What is being asked — Find the line with "good for them and good for others." in the data below. Repeat it and every line after it exactly, but not the pictures.
━━━━━━━━━━━━━━━━━━━━━━━━━━━━━━
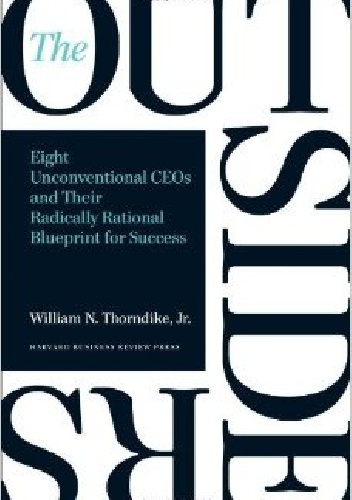 The Outsiders: Eight Unconventional CEOs and Their Radically Rational Blueprint for Success - William N. Thorndike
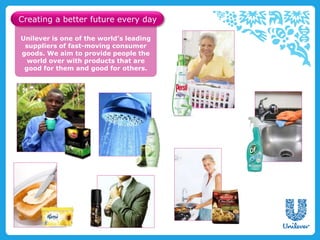 Unilever is one of the world’s leading
suppliers of fast-moving consumer
goods. We aim to provide people the
world over with products that are
good for them and good for others.
Creating a better future every day
 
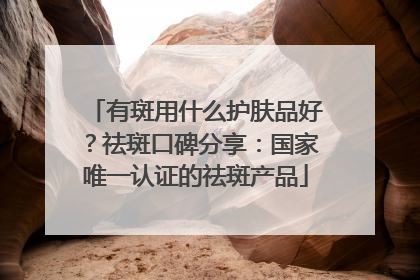 有斑用什么护肤品好？祛斑口碑分享：国家唯一认证的祛斑产品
━━━━━━━━━━━━━━━━━━━━━━━━━━━━━━
Solution for this exercise —
good for them and good for others.
Creating a better future every day
 
 有斑用什么护肤品好？祛斑口碑分享：国家唯一认证的祛斑产品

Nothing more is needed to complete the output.